O derrame de dinheiro, que alcança a todos, mesmo os que não foram atingidos diretamente pela tragédia, é absolutamente justo. Eles estão sendo reparados imediatamente, sem qualquer impacto sobre decisões da Justiça mais adiante, porque além das perdas humanas e materiais evidentes, houve uma desvalorização geral dos imóveis na localidade. A Vale não faz mais do que sua obrigação. Ocorre que dinheirama igual jamais foi vista nos bolsos dos brumadinenses. Todos ficaram “ricos” de uma hora para outra.
Esta “riqueza” etérea, que tem data para acabar, dezembro deste ano, desarrumou a economia local. Trabalhadores sem vínculo empregatício, que fazem empreitadas, foram os primeiros a entrar em férias voluntárias. Em seguida, empregados domésticos entenderam ser mais interessante ficar em casa do que trabalhar. Em menor número, empregados do comércio de Brumadinho também começaram a faltar ao trabalho ou a abandoná-lo simplesmente.
Até mesmo o Instituto Inhotim, uma espécie de museu a céu aberto que exibe o mais importante acervo de esculturas e instalações artísticas do Brasil, sofre com a avalanche de dinheiro das indenizações da Vale. O programa primeiro emprego, criado para abrigar jovens da cidade que trabalham sobretudo como guias e monitores, está ameaçado. Os meninos, que também recebem as indenizações da Vale, já começam a faltar ao trabalho.
As indenizações são de um salário mínimo para adultos, meio salário para adolescentes e um quarto de salário para crianças. Há famílias de cinco, seis membros que recebem até quatro salários mínimos por mês. Em escala municipal, o efeito das indenizações é semelhante ao gerado pelo Bolsa Família em pequenas cidades brasileiras, sobretudo no Nordeste. Algumas pessoas beneficiadas deixam de procurar emprego, outras param de trabalhar para receber a bolsa.
A Vale já se deu conta desse resultado deletério em Brumadinho e está convidando o Banco do Brasil, a Caixa e alguns bancos privados a oferecerem aos beneficiados uma “educação financeira” emergencial. As pessoas deveriam usar esse dinheiro para fazer uma poupança, pagar um curso profissionalizante, reformar a casa, nunca para abandonar o emprego ou largar o trabalho, diz um funcionário da Vale.

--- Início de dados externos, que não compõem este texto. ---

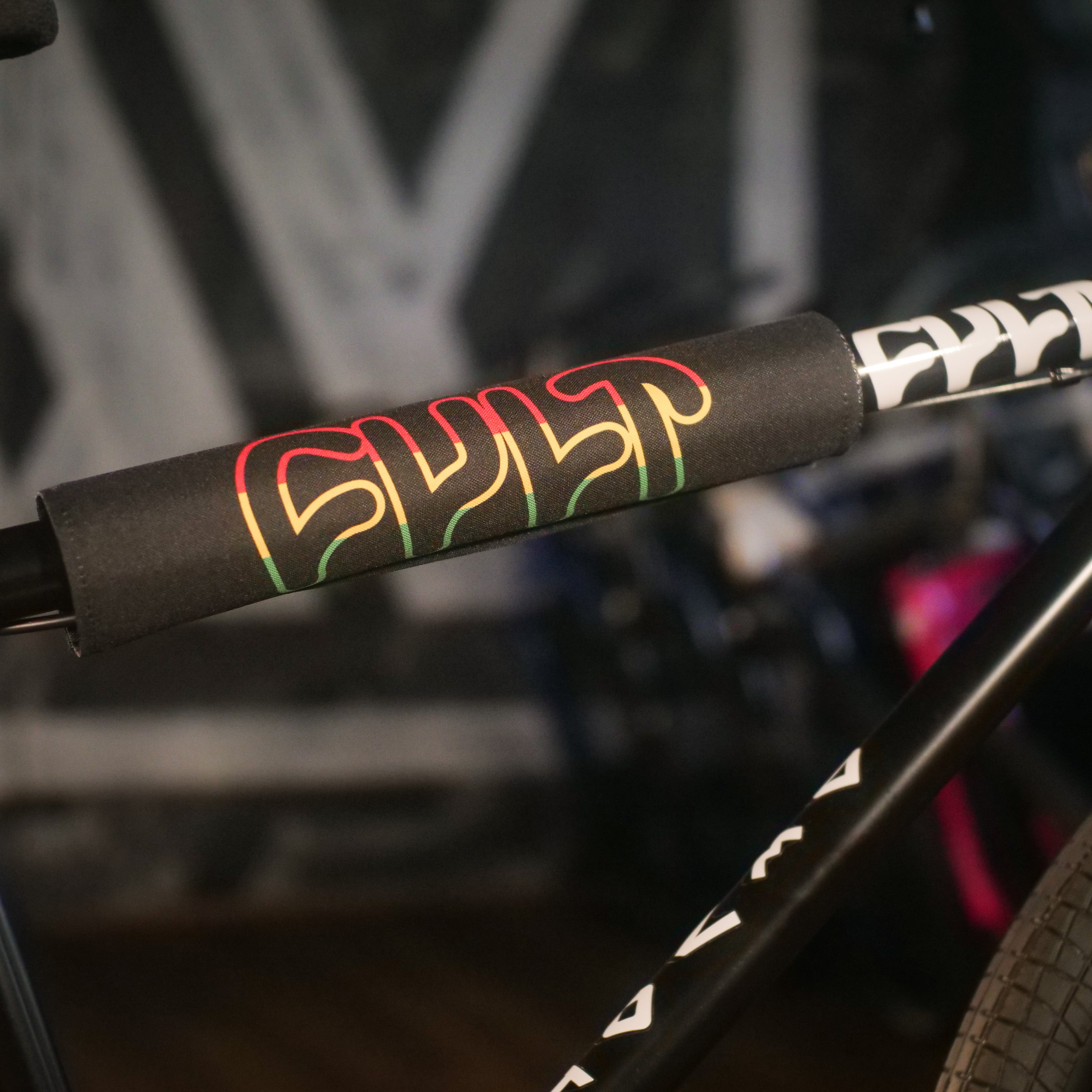 Close-up of a bike handlebar with a black foam pad displaying "CULT" in red, yellow, and green outlined letters. The blurred background suggests the sturdy Chromoly frame of the Cult Devotion 26 Inch Bike.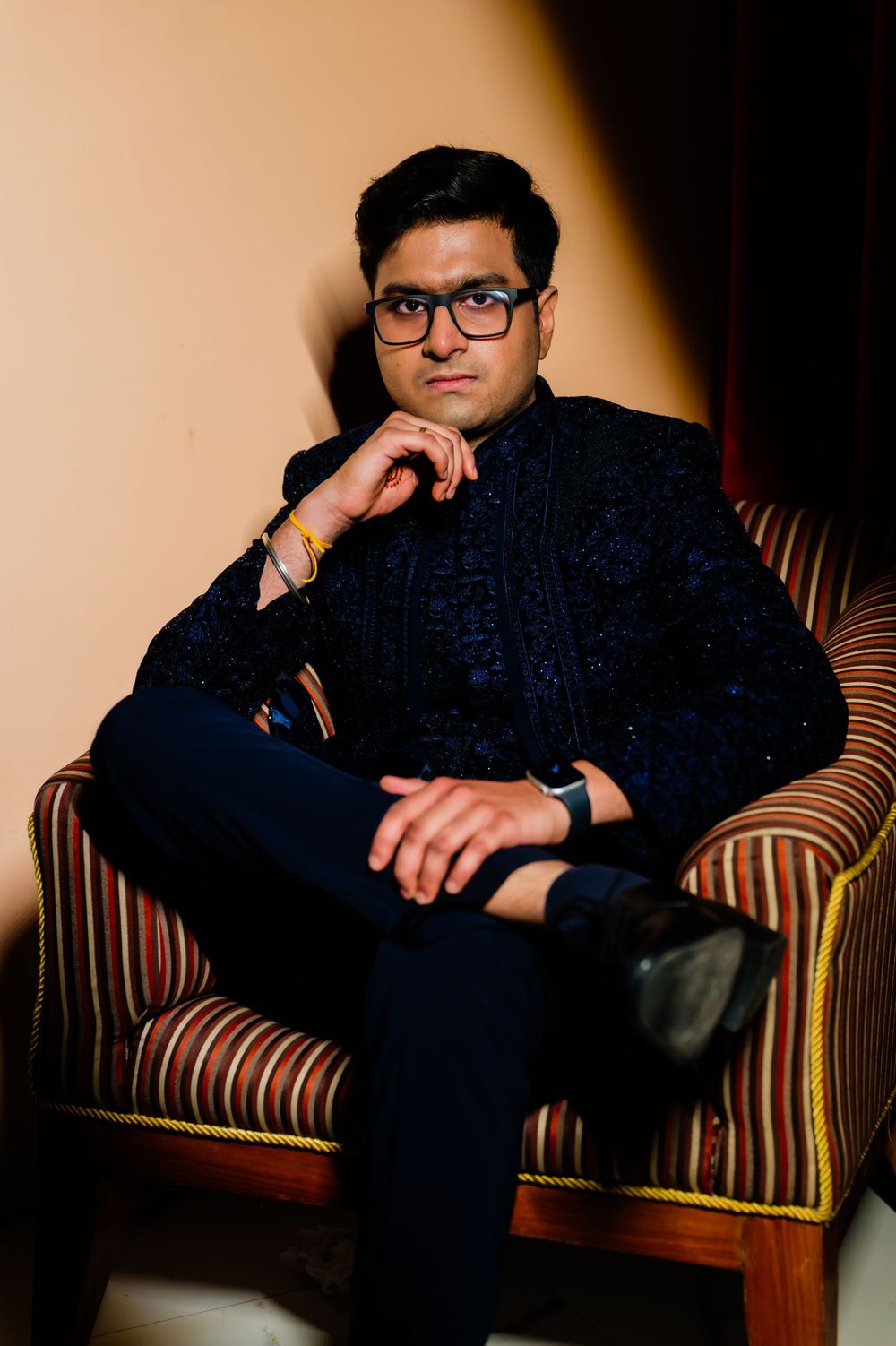 A well-dressed Indian man in a navy embroidered blazer sits confidently in a striped armchair, wearing glasses and a smartwatch.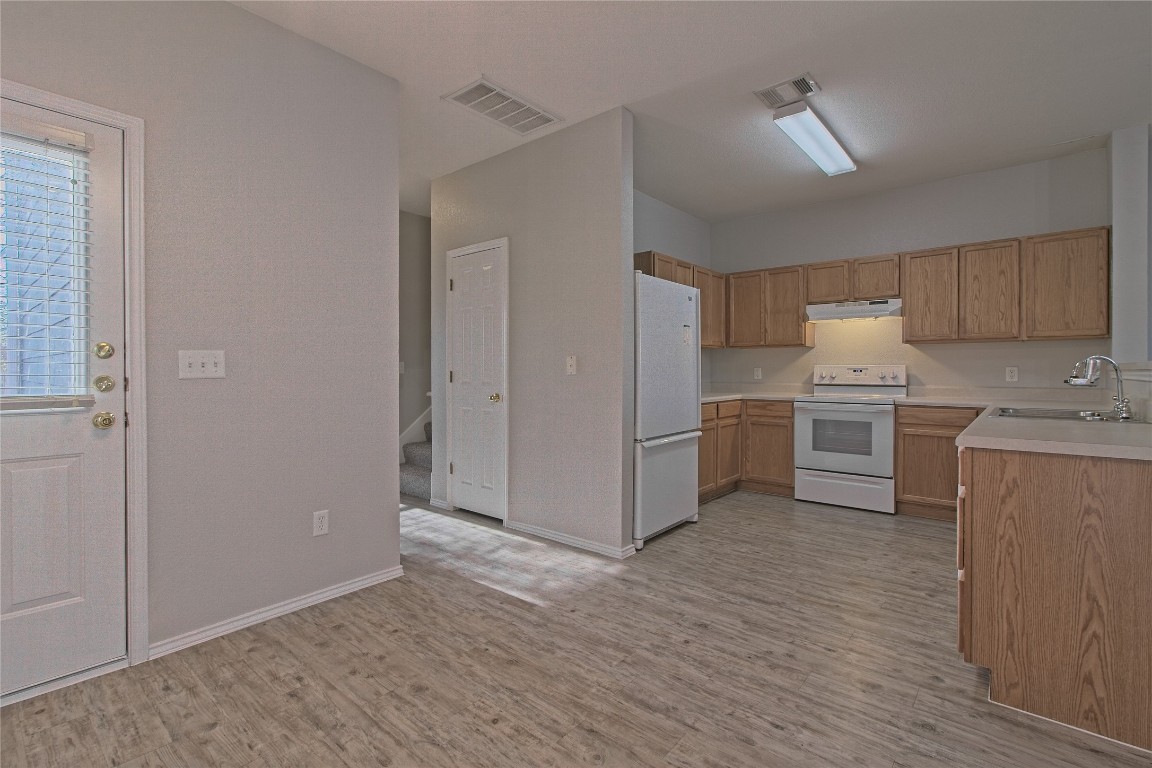 1102 East 3rd Street Georgetown, TX 78626 - Photo 10 of 36 Kitchen with light countertops, white appliances, light wood-style floors, and under cabinet range hood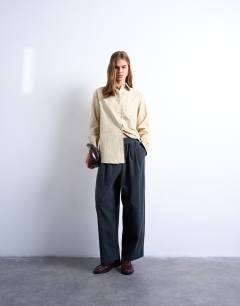 Model wearing Cord wide leg awkward length trouser in slate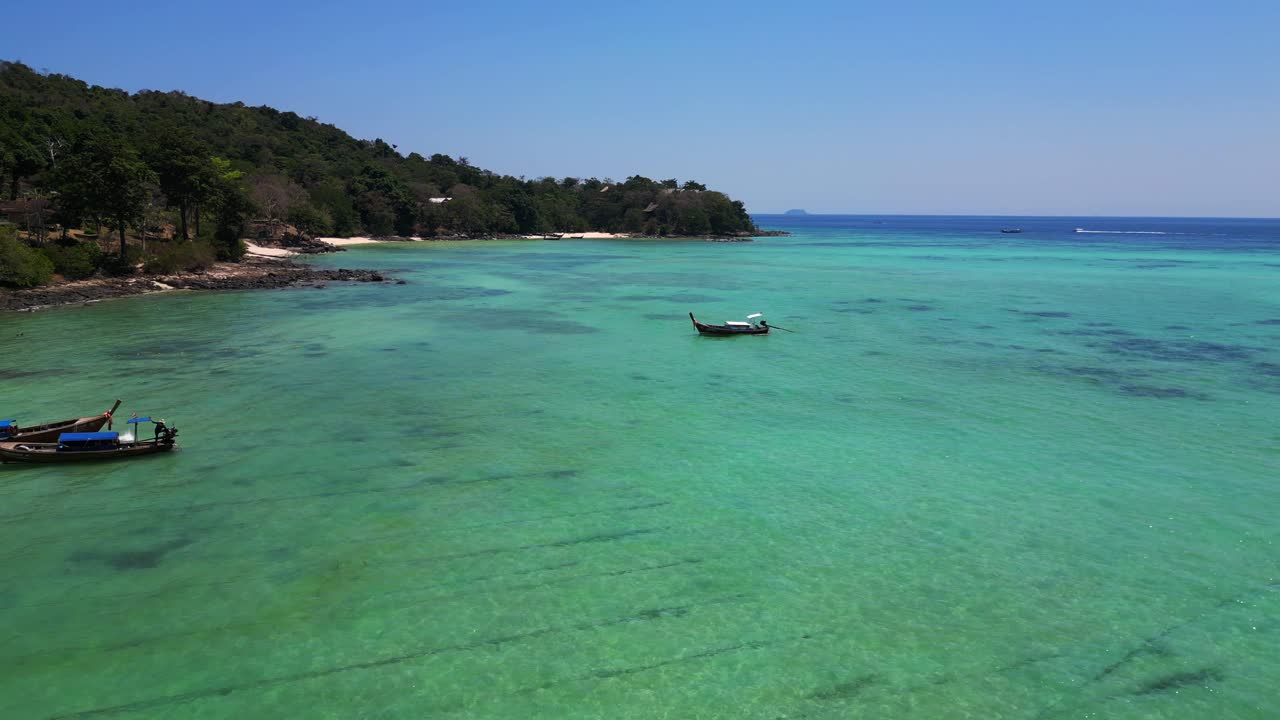 Aerial view of a tropical island beach with turquoise water showing long tail boats waiting for tourists in thailand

A universalização do benefício também mostra algumas contradições. Tecnicamente, até o prefeito de Brumadinho e seus familiares têm direito a receber a indenização. O Retiro das Pedras, um dos mais antigos condomínios de classe média alta nos arredores de Belo Horizonte fica em Brumadinho. São 600 casas de alto padrão, quase todas ocupadas apenas nos fins de semanas por pessoas que moram e trabalham na capital mineira. Os donos dessas casas e seus filhos estão aptos a receber a indenização. Alguns, não muitos, recusaram o benefício.